A Writing Conference That’s Nervous About Writers? Cool Cool Cool.

So let’s talk about the #AWP26 Terms and Conditions.

Buried in the fine print is language saying AWP “does not permit any disruption of its Conferences… including but not limited to protests, vigils, and demonstrations.” Which is honestly impressive, because nothing says “literary gathering” like pre-emptively telling writers not to act like… writers.

Here’s the thing: literature has never been quiet. Small presses, poets, essayists, zinesters, memoirists — we built entire movements by questioning power loudly and sometimes inconveniently. Antiwar readings. Feminist presses. Queer publishing collectives. None of that came from people being told to stay polite and color inside the lines.

And yet, here we are. AWP asking writers not to disrupt anything. The irony writes itself.

Many of us are still attending because flights are booked, tables are paid for, and indie presses don’t exactly have a magic refund button. But we’re attending under protest — and asking AWP leadership to rethink a policy that feels wildly out of step with the spirit of literary community.
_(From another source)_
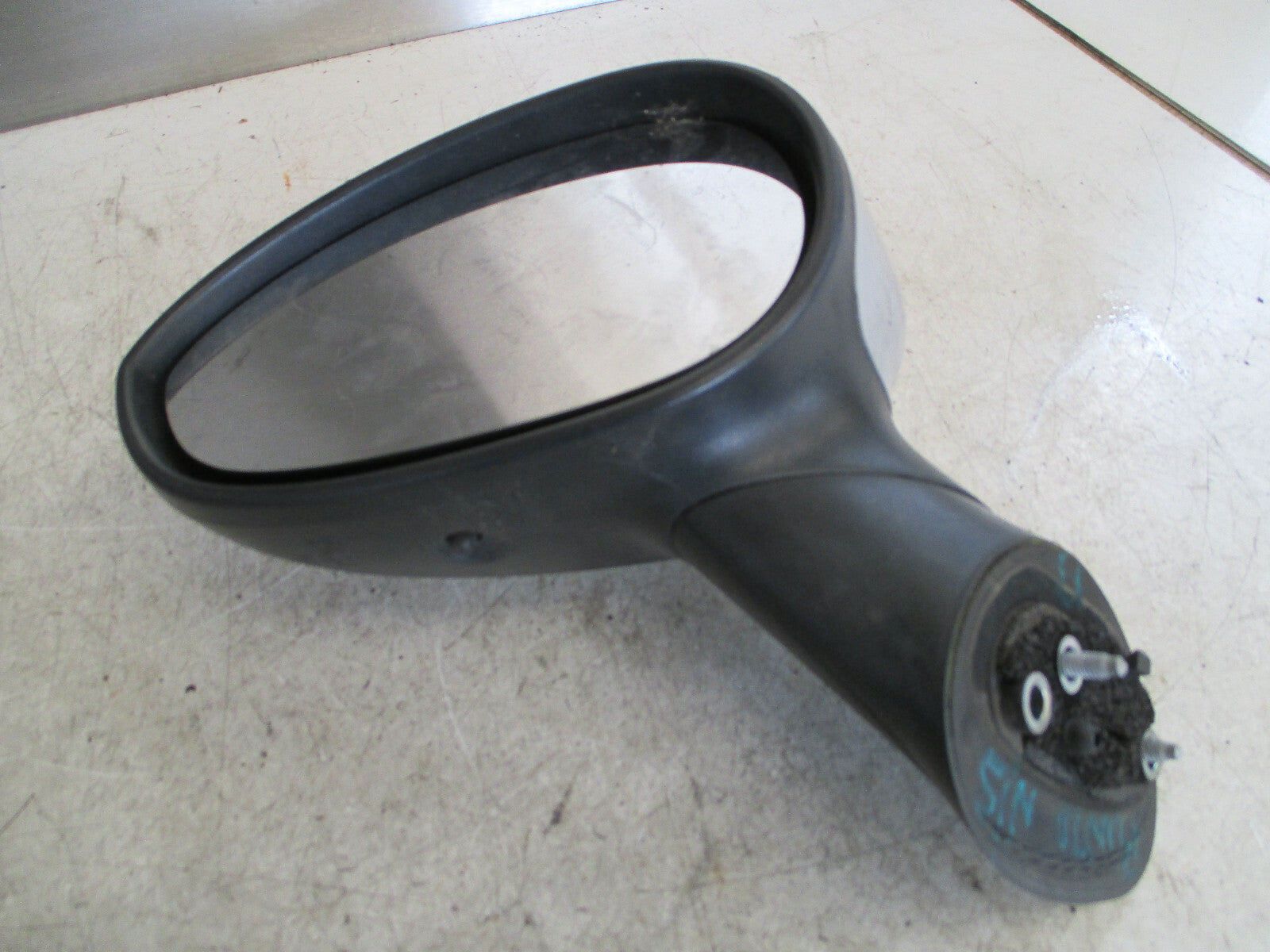 FIAT PUNTO EVO (MK3)2013 NS PASSENGER SIDE WING MIRROR SILVER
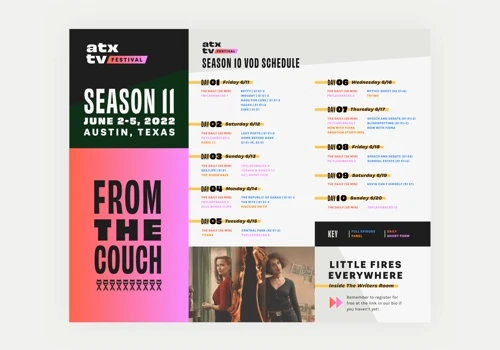 Visual Identity for ATX TV and ATX TV Festival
Instead of staying quiet, we made three protest designs. And because protest without material support is just branding, all profits from these pieces will be donated to the National Indigenous Women’s Resource Center’s Missing & Murdered Indigenous Women and Relatives Awareness work:

Because if literary spaces are going to get nervous about free expression, indie presses are going to do what we always do: make noise, make art, and redirect money toward people doing real work on the ground. No one is asking for chaos. We’re asking for consistency. You don’t get to celebrate writers for telling the truth and then panic when they actually do it. Writers don’t show up to AWP to be quiet spectators. We show up messy, opinionated, exhausted, brilliant, and occasionally inconvenient. That’s not a bug in literary culture. That’s the whole point.